Persistent emotional ill-treatment of a person. It may involve; conveying that they are worthless or unloved, inadequate, or valued only insofar as they meet the needs of another person, not giving them opportunities to express their views, deliberately silencing them or ‘making fun’ of what they say or how they communicate  It may involve seeing or hearing the ill-treatment of another (domestic abuse).

Psychological Abuse Examples: 

  • threats of harm or abandonment
  • deprivation of contact
  • humiliation
  • rejection
  • blaming
  • controlling
  • verbal abuse (shouting or swearing)
  • coercion
  • indifference
  • harassment
  • isolation
  • removing choice
  • playing “mind games”
  • intimidation
  • withdrawal from services or support networks

Indicators of Psychological abuse include: 

  • untypical lack of interest, passivity or resignation
  • anxious or withdrawn (possibly in the presence of the abuser)
  • untypical changes in behaviour
  • person is not allowed visitors or phone calls
  • unexplained paranoia
  • confusion, agitation
  • coercion
  • possible violation of human and/or civil rights
  • distress caused by being locked in a home or car
  • isolation – no visitors or phone calls allowed
  • inappropriate clothing
  • sensory deprivation
  • person is locked in a room or their home
  • person is denied access to aids or equipment, e.g. glasses, hearing aid, crutches, health checks
  • they appear depressed or low in mood
  • they seem anxious
  • low self esteem
  • ambivalence about carer
  • fearfulness, avoiding eye contact, flinching on approach
  • deference
  • insomnia or the need for excessive sleep
  • change in appetite
  • unusual weight loss/gain
  • tearfulness
  • restricted access to hygiene facilities
  • lack of personal respect
  • lack of recognition of individual rights
  • carer does not offer personal hygiene, medical care or regular food or drinks
  • use of furniture to restrict movement.
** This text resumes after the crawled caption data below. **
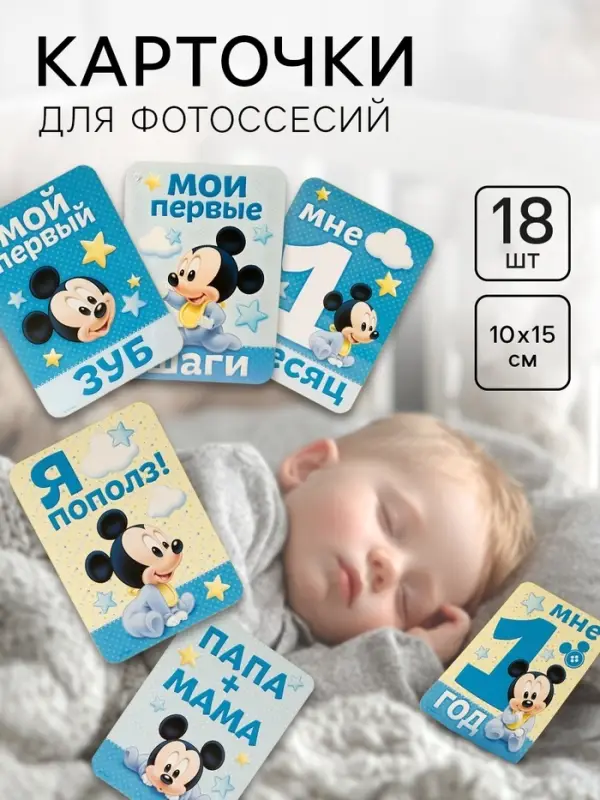 Карточки для фотосессии, 18 штук, 10&times;15 см, Микки Маус
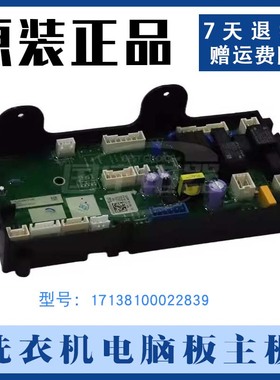 适用美D滚筒洗衣机CLGG13E电脑主板电源版17138100022839现货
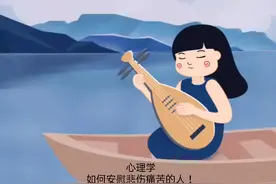 心理学：如何安慰到悲伤痛苦的人？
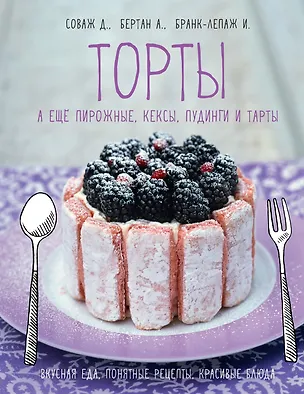 Книга Торты, а ещё пирожные, кексы, пудинги и тарты (Изабель Бранк-Лепаж, Доминик Соваж, АннеСе Бертан)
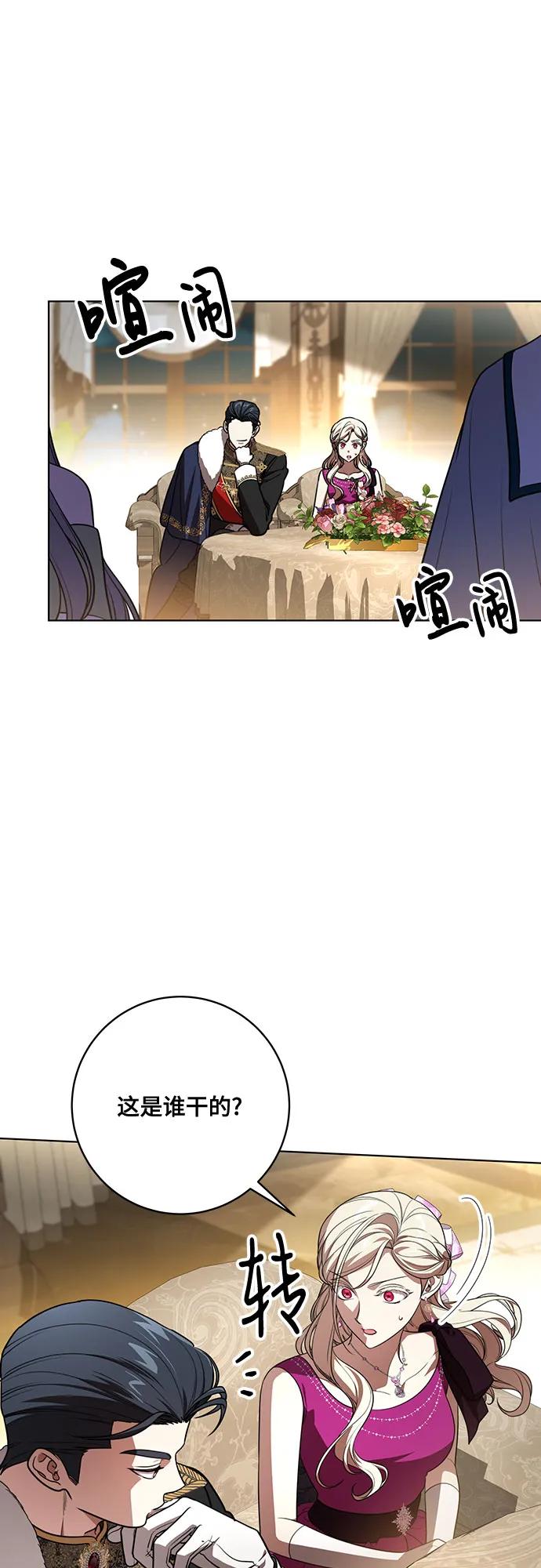 代价是你们的一切 [第63话] 梅伽拉的惨叫声 第38页
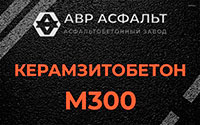 Керамзитобетон М300 в Поселке ЛМС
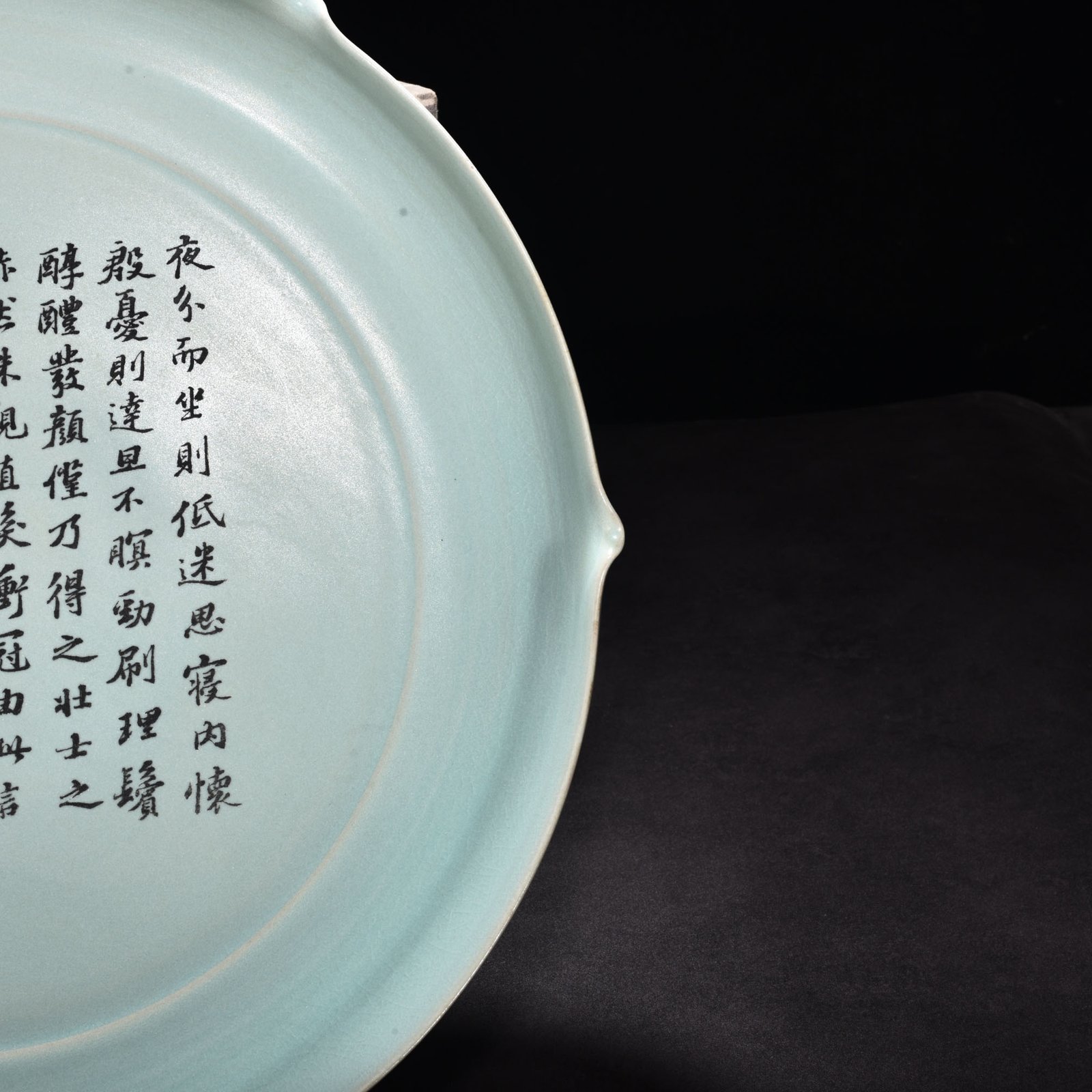 Song Dynasty Ru kiln azure glazed mouth plate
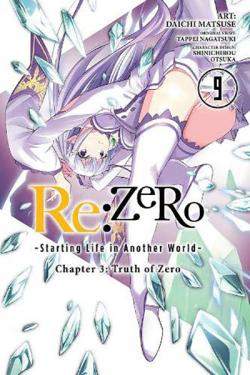 Re: Zero Chapter 3: Truth of Zero Part 9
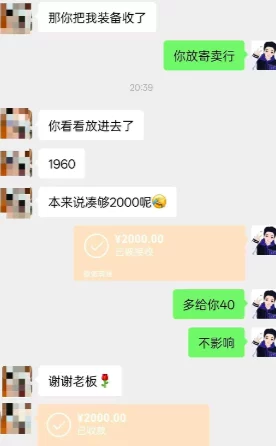 怒斩一刀传奇搬砖：手游掘金模式与装备回收，一部手机就能挣，每天保底300+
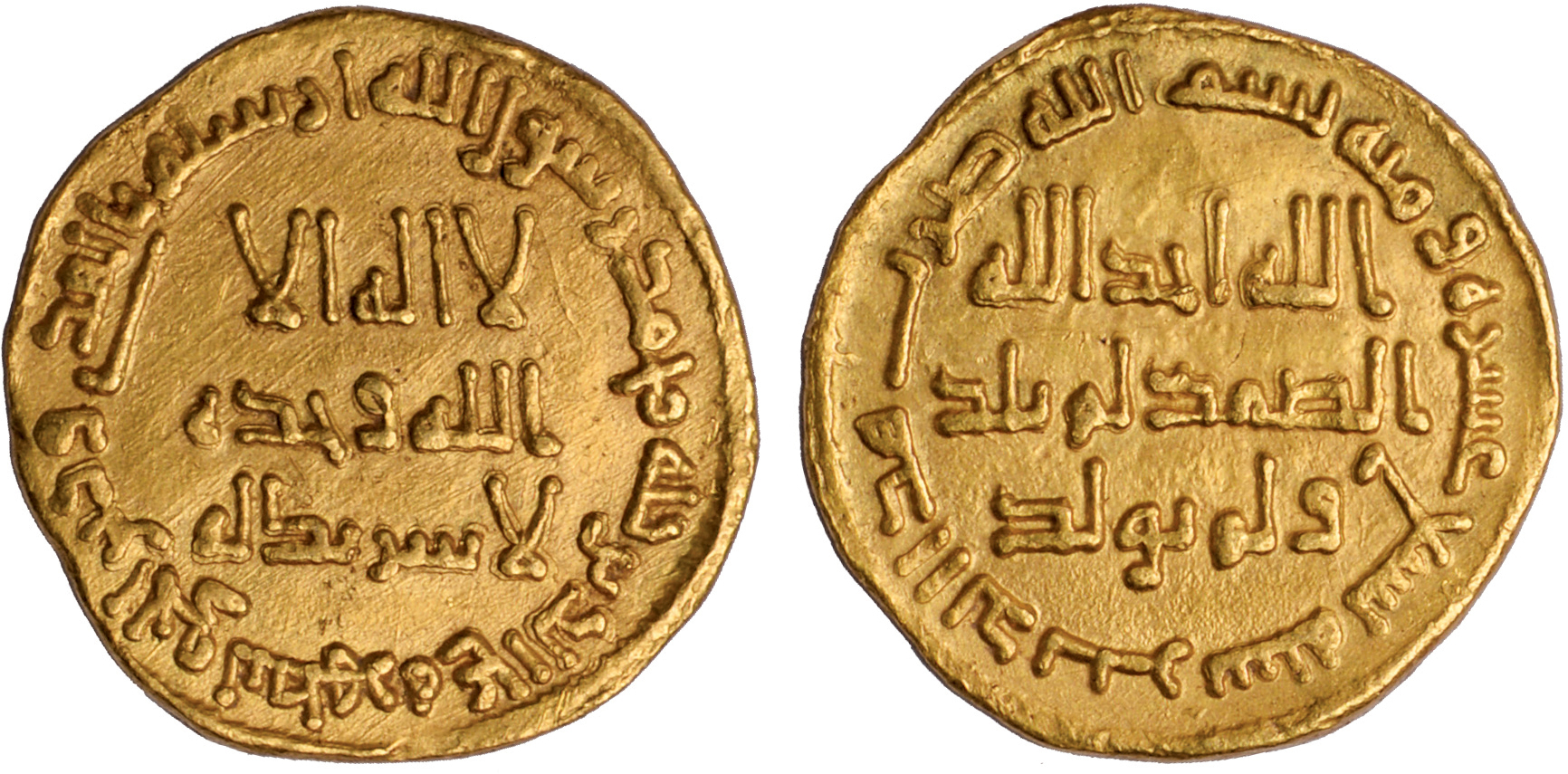 Umayyad, temp. Hisham (105-125h), dinar, no mint 119h, wt. 4.23gms. (Album 136), about extremely
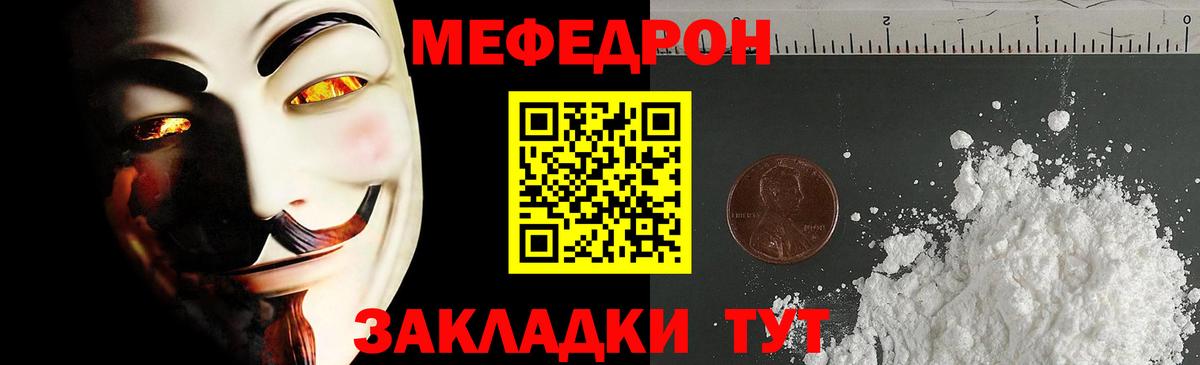 Мефедрон  Мефедрон мяу мяу  Меф  МЕФ VHQ  Тольятти  Вход с VPN 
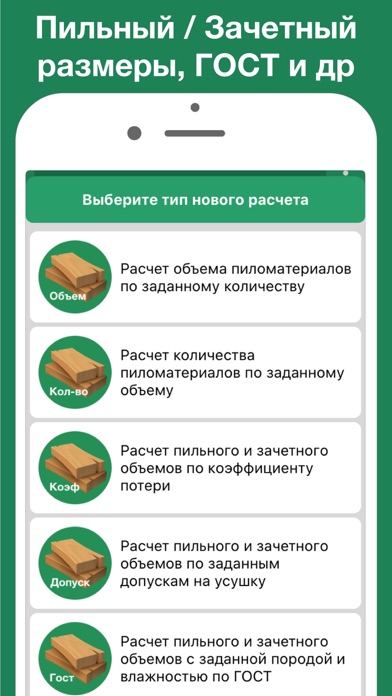 Кубатурник доски леса Pro ГОСТ screenshot 2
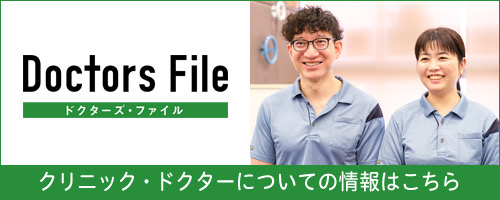 ドクターズファイル リンクバナー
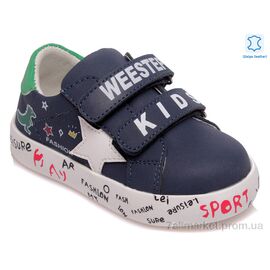 Кросівки дитячі модні Весна/осінь Weestep W-R913263083 DB-WS (8 пар р.21-26) "Prime-Opt" недорого оптом від прямого постачальника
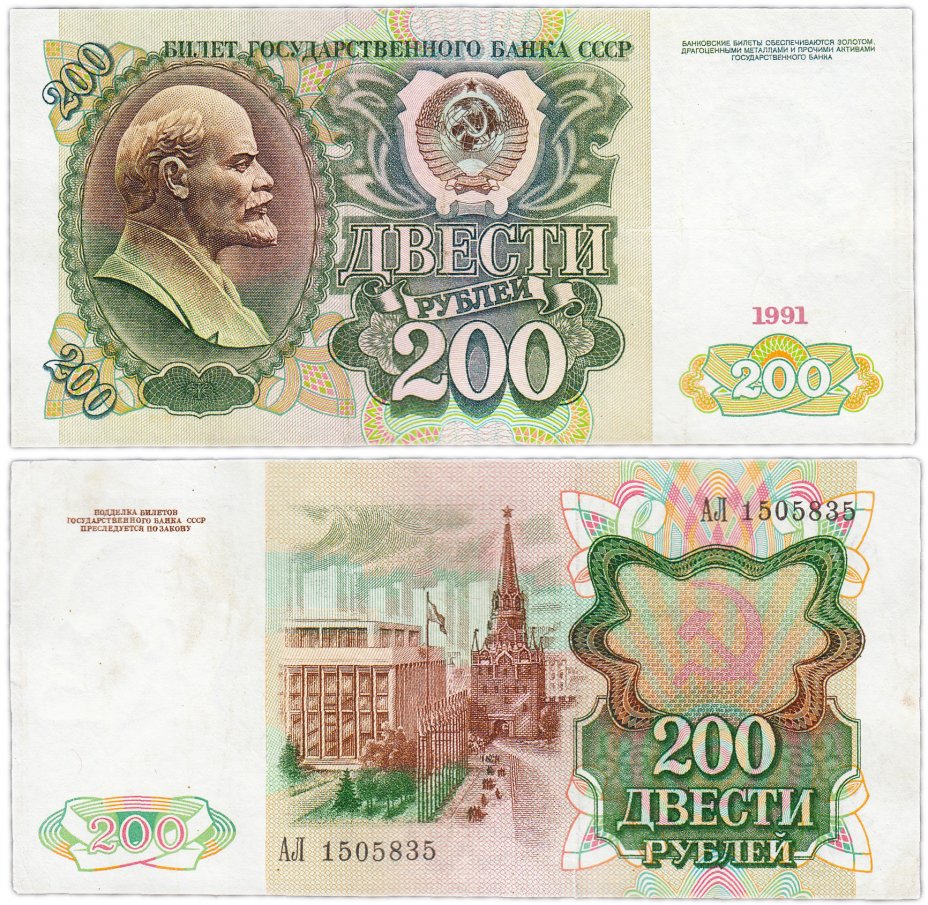 купить 200 рублей 1991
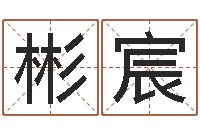 杨彬宸给宝宝起名字-国学培训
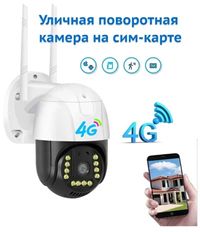 4G Smart Camera model: V380 (Sim karta bilan ishlaydi) G'ijduvon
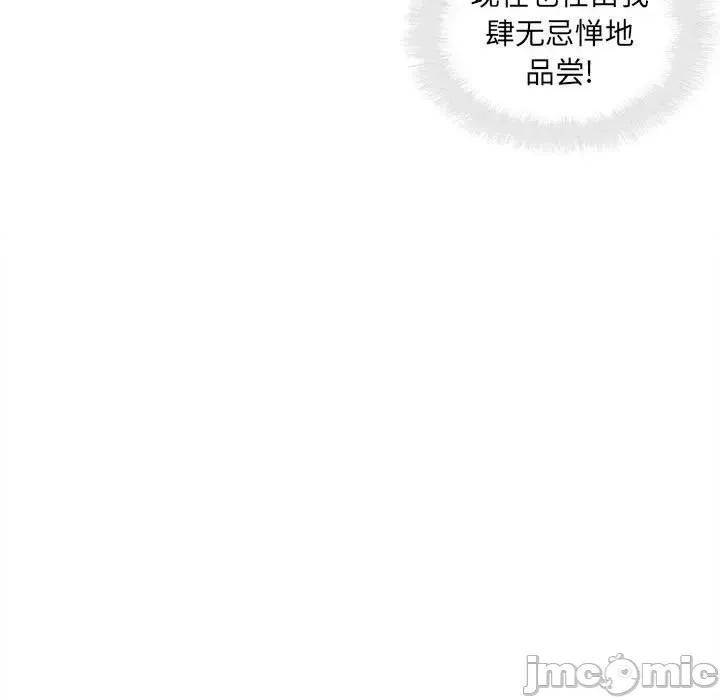 恶霸室友毋通来 最惨房东并不惨第 81 话 第10页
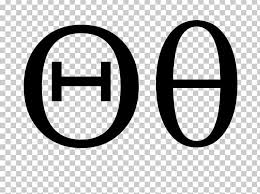 Das kleine alphabet (das alphabet in kleinbuchstaben) das große alphabet (das alphabet in großbuchstaben) das russische alphabet. Theta Greek Alphabet Letter Case Definition Png Clipart Alphabet Area Black And White Brand Circle Free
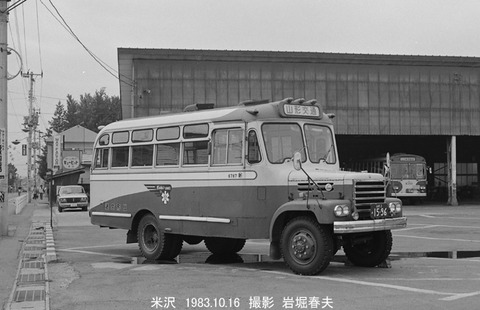 8305633 山形交通バス米沢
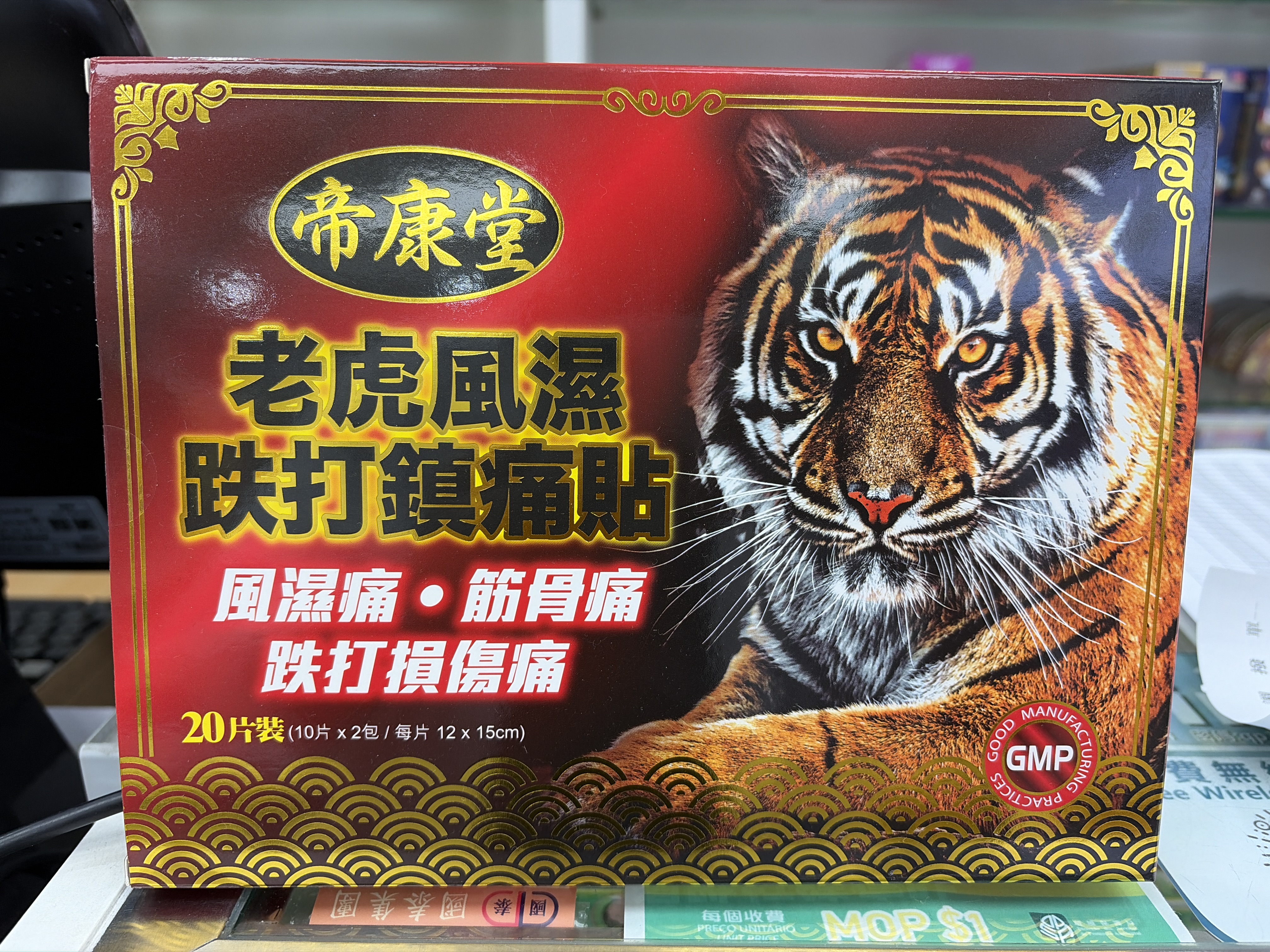 帝康堂老虎風濕跌打鎮痛貼20`s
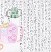 銀賞　諌元　妃莉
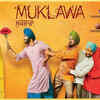 ​​‘Muklawa’
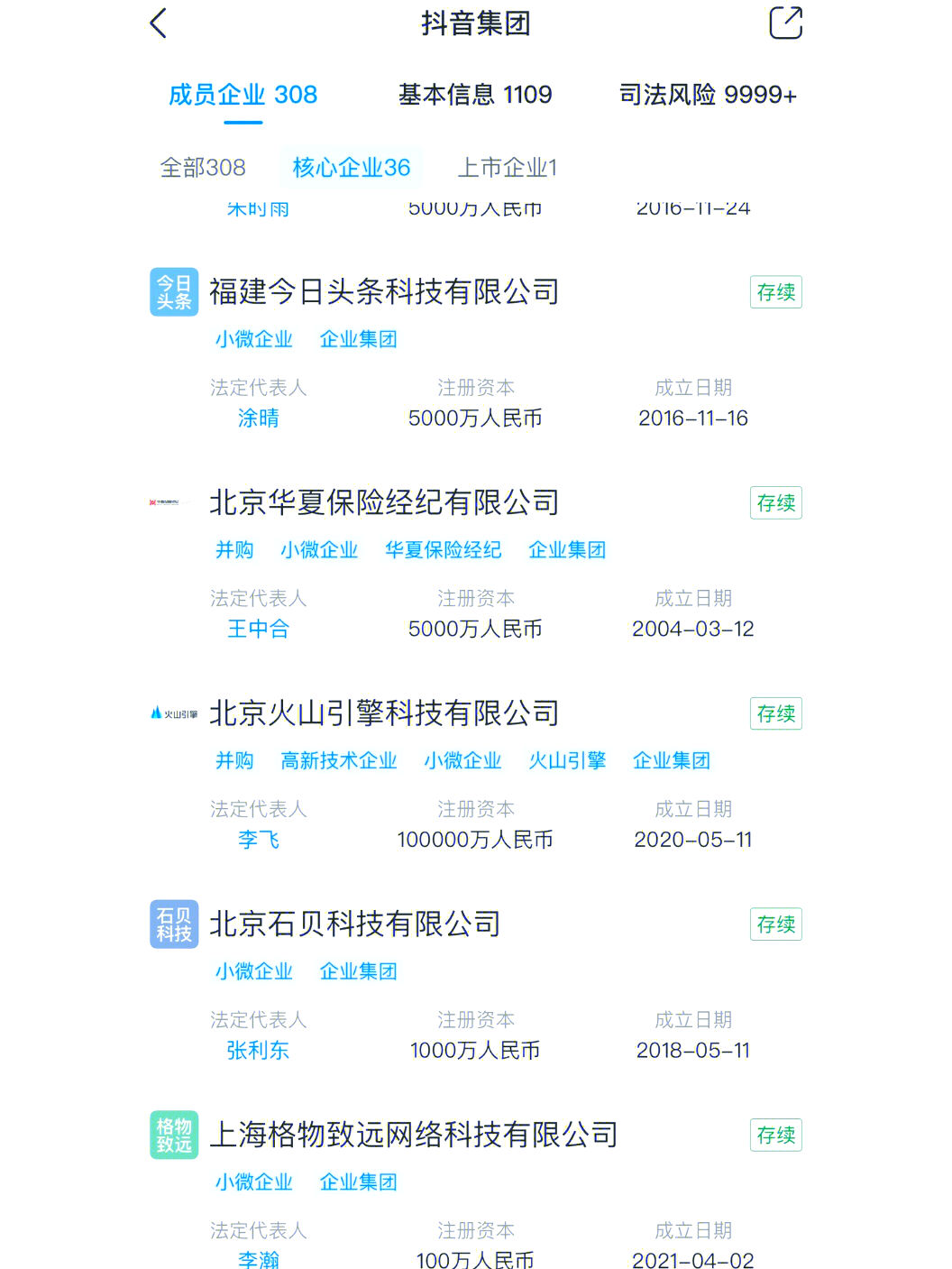 IPO动态：泰金新能拟在上交所科创板上市募资15亿元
Financial or material abuse +

Financial abuse could involve theft of money or possessions, fraud, scamming. Carers or friends/family or acquaintances preventing a person from accessing their own money/benefits, arranging less care than is needed to save money, or misusing direct payments. Someone moving into a persons home or living rent free without agreement or under duress. 

Examples of financial abuse include: 

  • theft
  • fraud
  • exploitation
  • pressure in connection with Wills or property
  • withholding of money
  • misappropriation of property or benefits
  • bribery
  • unauthorised use of a person’s money or property
  • borrowing money from service users
  • use of utilities
  • accepting gifts
  • who keeps the “get one free” or the “points?”
  • doing your own shopping on the service users time 

Indicators of Financial Abuse include: 

  • Change in living conditions
  • Lack of heating, clothing or food
  • Inability to pay bills/unexplained shortage of money
  • Unexplained withdrawals from an account
  • Unexplained loss/misplacement of financial documents
  • The recent addition of authorised signers on a client or donor’s signature card
  • Sudden or unexpected changes in a will or other financial documents
  • lack of money, especially after benefit day
  • recent acquaintances expressing sudden or disproportionate interest in the person and their money
  • “red” bills or services disconnected
  • change in appearance (becoming dishevelled)
  • disparity between assets/income and living conditions
  • recent changes of deeds/title of house
  • items missing
  • Internet scams, postal scams and doorstep crime are, more often than not, targeted at adults at risk and all are forms of financial abuse.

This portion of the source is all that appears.